Clothes or Halloween decorations hanging from the sixth-floor sprinklers caused the fire alarm and sprinklers to go off just before 3:30 a.m., flooding the floor with 15 gallons of water per minute, Coats said. Floors below the sixth floor were also damaged by flooding, and residents weren’t allowed back into the building until about 5:30 a.m.

Coats said 32 students will be relocated to New North and South residential colleges for an estimated six to eight weeks because of water damage in Fluor. 

The University has not decided how or if students will be fined for the incident, but  Coats said he is currently focused on gathering students’ belongings and clearing rooms for them to move back in and be functioning students. 

“Whenever you have a significant amount of water that comes down, it ruins a lot of the dry wall and a lot of aspects of the structures, so we will have to do some significant demos and make sure the rooms are remodeled for our health and safety protocol,” Coats said.

Students posted memes about the incident on social media, making racist comments about the El Sol y La Luna residents that called for whoever set off the alarms and sprinklers to be evicted from the building.  

One meme featured the classic “Hellmo” picture, which shows “Sesame Street” character Elmo screaming while surrounded by flames. Below the picture was written: “There are enemies among us … it appears as though tamales were made improperly in suite 608.” Another meme featured “Spongebob” character Larry the Lobster and read “You can’t make tamales at 3 a.m. and then forget to turn off the microwave.” 

“They weren’t funny,” said Nataly Joseph, a freshman majoring in journalism who lives on the ninth floor of Fluor Tower. “And it spread false information because a girl in my class today was like ‘Yeah, I heard someone’s enchiladas burned.’ I was like ‘No, that’s a racial joke someone decided to make’ … It was low-hanging fruit as far as jokes go.”

Coates sent an email to the West Residential College community condemning the memes and said he would follow up with the students who made the posts. He also said that students could talk with their RAs or other building faculty if the posts made them uncomfortable.

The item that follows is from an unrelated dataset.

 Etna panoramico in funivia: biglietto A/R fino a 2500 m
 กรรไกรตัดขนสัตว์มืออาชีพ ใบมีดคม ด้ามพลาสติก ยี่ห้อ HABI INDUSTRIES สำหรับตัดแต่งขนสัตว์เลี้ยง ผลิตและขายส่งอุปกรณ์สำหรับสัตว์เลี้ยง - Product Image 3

“To the folks that the meme or the petition had a significant impact [on], know that you are a valued member of our community and that there is no room for racist rhetoric, jokes or content to exist in the environment we hope to create,” he wrote. 

Andrea Diaz, the resident assistant for the floor, was angered by the memes; however, she said she wasn’t surprised that students reacted like this because she said she is all too familiar with the privileged population that comes to USC with implicit and explicit biases, whether these biases come from how they were raised or if they were ingrained systemically. 

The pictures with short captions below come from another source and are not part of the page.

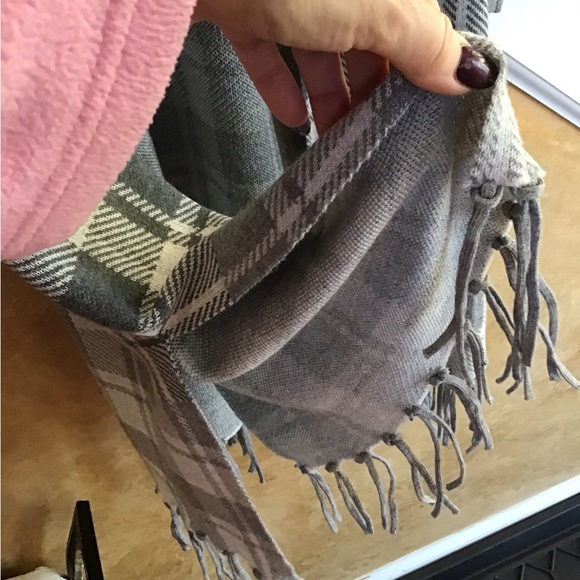 Rachel Zoe Black And Grey Plaid Long Sleeve Duster/Jacket With Fringe Size S - Picture 8 of 11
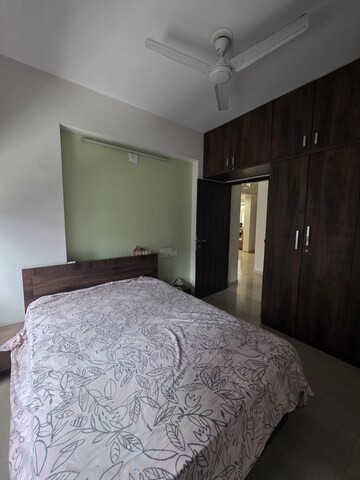 Bedroom in 3 BHK Apartment at Makarba – for Rent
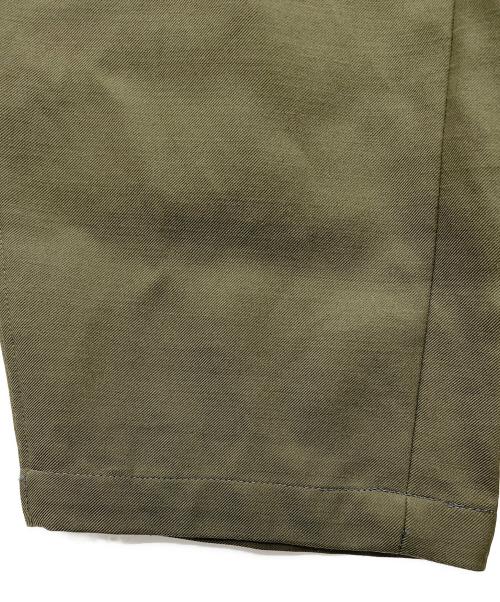 LOEFF（ロエフ）LOEFF (ロエフ) タックパンツ オリーブの古着・服飾アイテム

“I am not gonna normalize racist humor by brushing these memes off as not a big deal,” Diaz said. “The memes were irrelevant and inappropriate, especially when people are worried and concerned about the status of their housing.”

Diaz said she isn’t sure if the University can take any measures against the students who posted the memes but will continue to support her residents by advocating for measures and spaces that will protect them and other students of color on campus.

Other sixth floor residents declined to comment on the incident.

Andrea Diaz is the photo editor for the Daily Trojan.